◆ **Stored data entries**
====
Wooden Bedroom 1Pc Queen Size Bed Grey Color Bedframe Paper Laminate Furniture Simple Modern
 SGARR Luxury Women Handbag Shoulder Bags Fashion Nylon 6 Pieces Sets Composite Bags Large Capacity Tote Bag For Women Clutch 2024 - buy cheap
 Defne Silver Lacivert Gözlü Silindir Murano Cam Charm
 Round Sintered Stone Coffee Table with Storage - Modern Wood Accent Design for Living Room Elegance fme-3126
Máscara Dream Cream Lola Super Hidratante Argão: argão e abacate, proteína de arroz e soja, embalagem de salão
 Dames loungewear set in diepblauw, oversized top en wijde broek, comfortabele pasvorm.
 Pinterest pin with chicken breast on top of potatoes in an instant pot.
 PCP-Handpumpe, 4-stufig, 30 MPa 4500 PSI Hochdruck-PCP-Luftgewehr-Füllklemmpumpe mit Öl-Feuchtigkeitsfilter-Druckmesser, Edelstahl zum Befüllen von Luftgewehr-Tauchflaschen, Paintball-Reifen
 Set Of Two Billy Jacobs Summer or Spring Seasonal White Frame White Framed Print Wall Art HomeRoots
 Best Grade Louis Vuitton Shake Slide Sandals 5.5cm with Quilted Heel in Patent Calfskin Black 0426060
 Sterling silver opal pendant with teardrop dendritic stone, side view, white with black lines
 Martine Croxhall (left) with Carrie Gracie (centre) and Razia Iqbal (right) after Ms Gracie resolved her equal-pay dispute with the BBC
====
◆ **Try it**
Every line from the first entry to the line containing "Máscara Dream Cream" should be transcribed exactly, and nothing beyond it.

◆ **Solution to the exercise**
Wooden Bedroom 1Pc Queen Size Bed Grey Color Bedframe Paper Laminate Furniture Simple Modern
 SGARR Luxury Women Handbag Shoulder Bags Fashion Nylon 6 Pieces Sets Composite Bags Large Capacity Tote Bag For Women Clutch 2024 - buy cheap
 Defne Silver Lacivert Gözlü Silindir Murano Cam Charm
 Round Sintered Stone Coffee Table with Storage - Modern Wood Accent Design for Living Room Elegance fme-3126
Máscara Dream Cream Lola Super Hidratante Argão: argão e abacate, proteína de arroz e soja, embalagem de salão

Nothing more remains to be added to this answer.